Word for word, restate the listing; omit the pictures.

----- Information shown

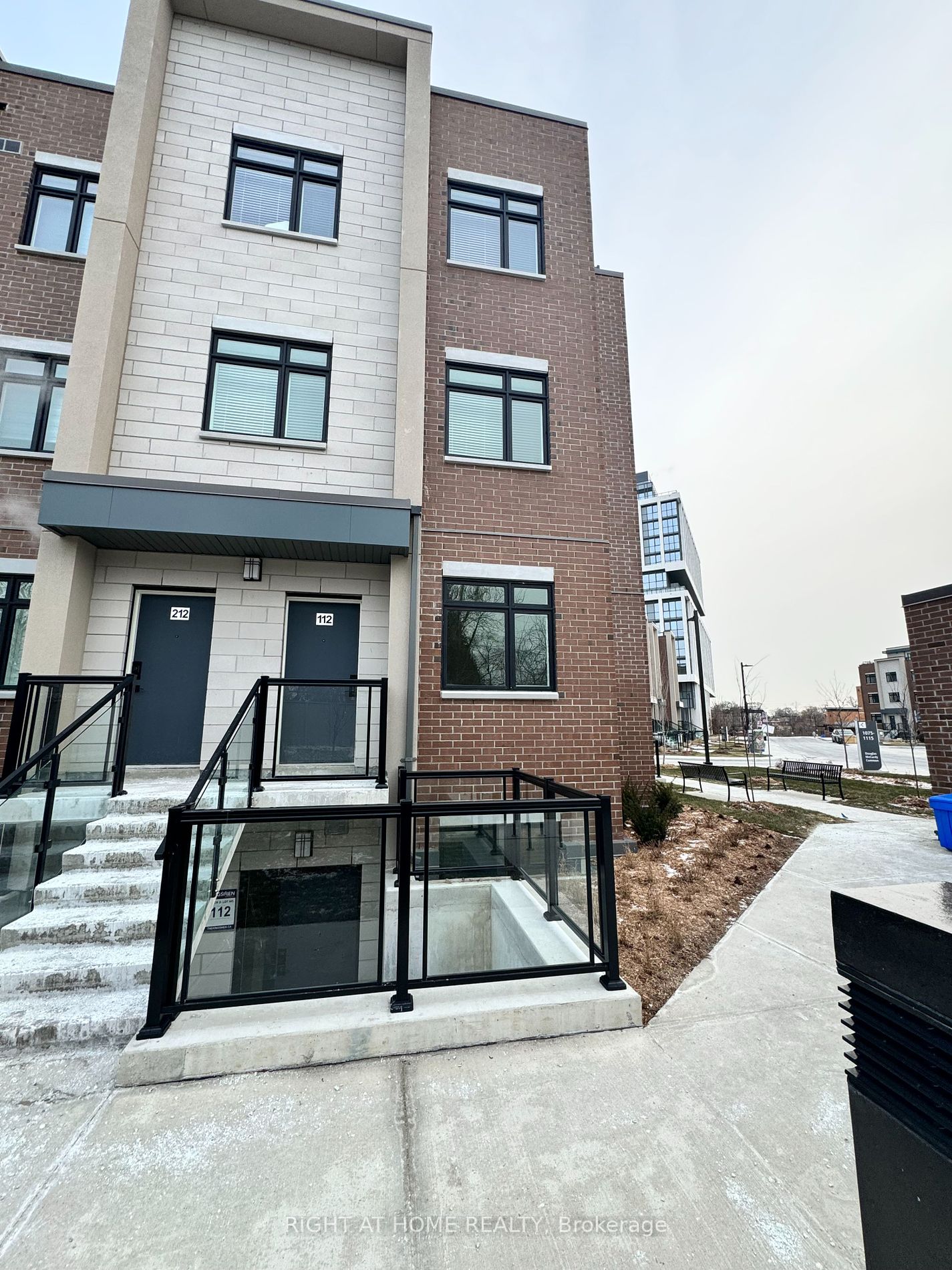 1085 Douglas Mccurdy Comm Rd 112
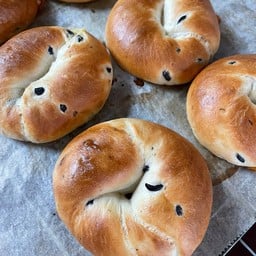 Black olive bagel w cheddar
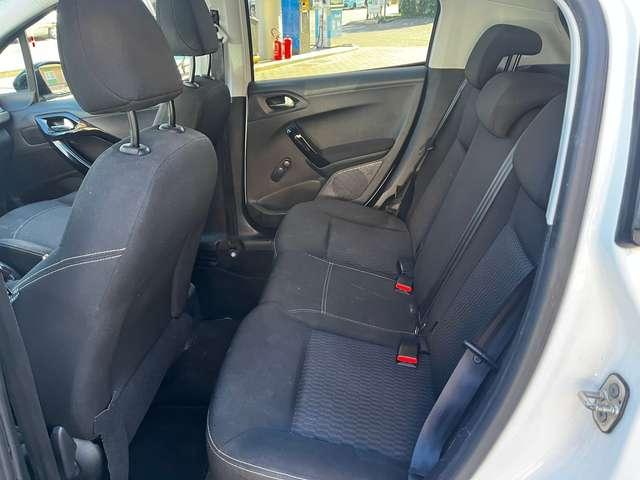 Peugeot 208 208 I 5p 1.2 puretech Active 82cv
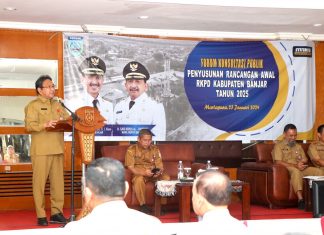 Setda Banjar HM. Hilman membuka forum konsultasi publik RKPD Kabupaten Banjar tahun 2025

----------

Exercise solution:
 1085 Douglas Mccurdy Comm Rd 112
 Black olive bagel w cheddar
 Peugeot 208 208 I 5p 1.2 puretech Active 82cv
 Setda Banjar HM. Hilman membuka forum konsultasi publik RKPD Kabupaten Banjar tahun 2025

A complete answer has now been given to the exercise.